Which lines below fall between the one containing "hansgrohe Finoris - Miscelatore" and the one containing "JTMDJREV3JD165039 2018 TOYOTA"? Repeat them exactly, counting both of those lines, and add nothing else.

========

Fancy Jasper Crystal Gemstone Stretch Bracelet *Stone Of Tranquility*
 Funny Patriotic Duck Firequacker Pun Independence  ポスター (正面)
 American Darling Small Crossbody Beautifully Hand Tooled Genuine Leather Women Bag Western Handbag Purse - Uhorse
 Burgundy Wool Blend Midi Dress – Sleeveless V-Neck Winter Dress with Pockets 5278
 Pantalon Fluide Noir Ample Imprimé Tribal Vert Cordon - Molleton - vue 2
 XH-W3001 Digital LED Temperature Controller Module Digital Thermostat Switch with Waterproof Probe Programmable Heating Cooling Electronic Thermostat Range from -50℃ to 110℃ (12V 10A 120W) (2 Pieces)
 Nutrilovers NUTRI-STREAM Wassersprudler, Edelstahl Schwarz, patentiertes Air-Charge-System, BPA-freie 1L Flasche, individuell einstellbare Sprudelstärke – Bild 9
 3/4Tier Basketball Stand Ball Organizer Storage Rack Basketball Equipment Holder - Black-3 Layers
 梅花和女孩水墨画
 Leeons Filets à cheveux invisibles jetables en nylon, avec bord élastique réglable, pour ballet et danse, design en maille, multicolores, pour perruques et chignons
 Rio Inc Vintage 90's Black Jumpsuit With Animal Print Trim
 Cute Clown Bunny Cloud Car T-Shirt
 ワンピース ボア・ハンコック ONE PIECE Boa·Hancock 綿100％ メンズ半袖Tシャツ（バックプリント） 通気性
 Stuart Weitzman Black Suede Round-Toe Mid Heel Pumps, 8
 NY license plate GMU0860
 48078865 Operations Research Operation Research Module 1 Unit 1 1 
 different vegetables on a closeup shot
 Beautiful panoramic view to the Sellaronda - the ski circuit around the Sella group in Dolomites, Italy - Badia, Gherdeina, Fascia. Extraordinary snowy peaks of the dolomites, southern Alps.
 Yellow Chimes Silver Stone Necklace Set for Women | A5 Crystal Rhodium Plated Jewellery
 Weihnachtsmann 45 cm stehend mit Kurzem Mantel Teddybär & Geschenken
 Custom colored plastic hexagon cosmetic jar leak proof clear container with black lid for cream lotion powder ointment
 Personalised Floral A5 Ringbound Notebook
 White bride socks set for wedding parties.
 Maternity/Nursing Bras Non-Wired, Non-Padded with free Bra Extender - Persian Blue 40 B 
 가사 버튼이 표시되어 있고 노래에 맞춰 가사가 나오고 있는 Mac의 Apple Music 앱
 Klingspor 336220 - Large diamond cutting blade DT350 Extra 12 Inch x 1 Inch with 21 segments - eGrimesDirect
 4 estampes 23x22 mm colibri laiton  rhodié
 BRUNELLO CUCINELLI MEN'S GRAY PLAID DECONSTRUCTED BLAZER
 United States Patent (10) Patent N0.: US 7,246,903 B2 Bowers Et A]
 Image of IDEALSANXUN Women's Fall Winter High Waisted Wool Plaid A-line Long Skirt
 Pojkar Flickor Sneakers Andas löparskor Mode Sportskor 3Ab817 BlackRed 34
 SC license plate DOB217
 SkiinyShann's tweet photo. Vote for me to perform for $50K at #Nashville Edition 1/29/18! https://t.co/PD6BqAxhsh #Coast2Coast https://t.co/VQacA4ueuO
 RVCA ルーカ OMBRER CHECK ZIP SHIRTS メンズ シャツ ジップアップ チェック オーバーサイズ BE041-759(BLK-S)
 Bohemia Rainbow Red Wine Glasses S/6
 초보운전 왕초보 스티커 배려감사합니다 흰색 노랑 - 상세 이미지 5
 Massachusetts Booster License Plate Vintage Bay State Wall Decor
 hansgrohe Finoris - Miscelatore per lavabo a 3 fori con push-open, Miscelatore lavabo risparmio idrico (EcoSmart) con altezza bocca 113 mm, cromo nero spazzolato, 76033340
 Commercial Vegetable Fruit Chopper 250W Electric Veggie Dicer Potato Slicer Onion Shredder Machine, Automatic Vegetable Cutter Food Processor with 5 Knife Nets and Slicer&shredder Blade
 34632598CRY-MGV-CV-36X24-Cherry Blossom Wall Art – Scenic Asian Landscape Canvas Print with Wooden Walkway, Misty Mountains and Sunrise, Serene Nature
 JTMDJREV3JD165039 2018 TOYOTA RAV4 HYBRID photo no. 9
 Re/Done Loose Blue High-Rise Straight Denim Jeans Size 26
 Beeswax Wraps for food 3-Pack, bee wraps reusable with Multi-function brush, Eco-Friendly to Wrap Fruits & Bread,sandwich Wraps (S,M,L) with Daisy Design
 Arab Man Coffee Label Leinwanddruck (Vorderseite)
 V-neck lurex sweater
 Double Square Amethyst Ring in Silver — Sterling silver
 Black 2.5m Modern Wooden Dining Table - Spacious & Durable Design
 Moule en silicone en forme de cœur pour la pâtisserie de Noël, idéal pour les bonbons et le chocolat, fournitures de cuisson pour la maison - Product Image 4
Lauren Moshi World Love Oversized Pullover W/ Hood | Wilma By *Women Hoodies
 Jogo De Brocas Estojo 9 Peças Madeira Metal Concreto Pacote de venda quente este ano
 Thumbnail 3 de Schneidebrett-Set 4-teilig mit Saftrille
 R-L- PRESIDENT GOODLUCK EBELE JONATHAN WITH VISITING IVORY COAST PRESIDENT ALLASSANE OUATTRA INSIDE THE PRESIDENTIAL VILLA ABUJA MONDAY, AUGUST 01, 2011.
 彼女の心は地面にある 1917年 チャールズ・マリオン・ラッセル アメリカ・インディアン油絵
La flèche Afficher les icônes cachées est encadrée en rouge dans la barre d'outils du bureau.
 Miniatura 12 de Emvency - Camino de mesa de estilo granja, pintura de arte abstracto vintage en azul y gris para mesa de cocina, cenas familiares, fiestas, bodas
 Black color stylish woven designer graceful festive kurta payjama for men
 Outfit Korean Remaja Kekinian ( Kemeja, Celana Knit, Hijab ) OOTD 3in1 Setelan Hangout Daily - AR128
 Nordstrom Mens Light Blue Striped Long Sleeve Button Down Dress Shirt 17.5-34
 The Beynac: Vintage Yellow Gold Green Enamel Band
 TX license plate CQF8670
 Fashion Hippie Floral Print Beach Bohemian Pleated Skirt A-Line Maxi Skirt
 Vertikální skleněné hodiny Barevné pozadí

========

▶ **RESPONSE**
 hansgrohe Finoris - Miscelatore per lavabo a 3 fori con push-open, Miscelatore lavabo risparmio idrico (EcoSmart) con altezza bocca 113 mm, cromo nero spazzolato, 76033340
 Commercial Vegetable Fruit Chopper 250W Electric Veggie Dicer Potato Slicer Onion Shredder Machine, Automatic Vegetable Cutter Food Processor with 5 Knife Nets and Slicer&shredder Blade
 34632598CRY-MGV-CV-36X24-Cherry Blossom Wall Art – Scenic Asian Landscape Canvas Print with Wooden Walkway, Misty Mountains and Sunrise, Serene Nature
 JTMDJREV3JD165039 2018 TOYOTA RAV4 HYBRID photo no. 9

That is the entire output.